[Scraped caption text data]
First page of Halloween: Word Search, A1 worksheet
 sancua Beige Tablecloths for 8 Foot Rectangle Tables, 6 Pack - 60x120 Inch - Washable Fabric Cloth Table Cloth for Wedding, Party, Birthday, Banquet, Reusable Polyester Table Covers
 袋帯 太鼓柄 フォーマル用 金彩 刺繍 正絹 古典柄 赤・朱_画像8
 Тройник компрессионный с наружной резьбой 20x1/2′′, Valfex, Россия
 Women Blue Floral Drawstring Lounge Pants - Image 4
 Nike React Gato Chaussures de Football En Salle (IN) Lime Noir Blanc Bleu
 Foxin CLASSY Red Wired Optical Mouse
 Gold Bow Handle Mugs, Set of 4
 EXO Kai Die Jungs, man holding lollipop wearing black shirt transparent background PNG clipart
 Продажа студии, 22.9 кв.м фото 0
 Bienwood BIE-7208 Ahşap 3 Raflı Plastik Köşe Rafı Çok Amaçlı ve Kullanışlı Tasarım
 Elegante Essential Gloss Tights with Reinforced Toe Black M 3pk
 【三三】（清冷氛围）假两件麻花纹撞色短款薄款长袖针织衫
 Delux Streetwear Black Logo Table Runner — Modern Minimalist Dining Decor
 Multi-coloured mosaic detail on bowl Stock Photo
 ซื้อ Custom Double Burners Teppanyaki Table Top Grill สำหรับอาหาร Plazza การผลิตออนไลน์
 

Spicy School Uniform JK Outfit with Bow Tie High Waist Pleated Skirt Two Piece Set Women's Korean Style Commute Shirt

TASK STATEMENT:
Transcribe exactly the lines from the one containing "Delux Streetwear Black" through the end of the records, both included, and nothing else.

RESPONSE AREA:
 Delux Streetwear Black Logo Table Runner — Modern Minimalist Dining Decor
 Multi-coloured mosaic detail on bowl Stock Photo
 ซื้อ Custom Double Burners Teppanyaki Table Top Grill สำหรับอาหาร Plazza การผลิตออนไลน์
 

Spicy School Uniform JK Outfit with Bow Tie High Waist Pleated Skirt Two Piece Set Women's Korean Style Commute Shirt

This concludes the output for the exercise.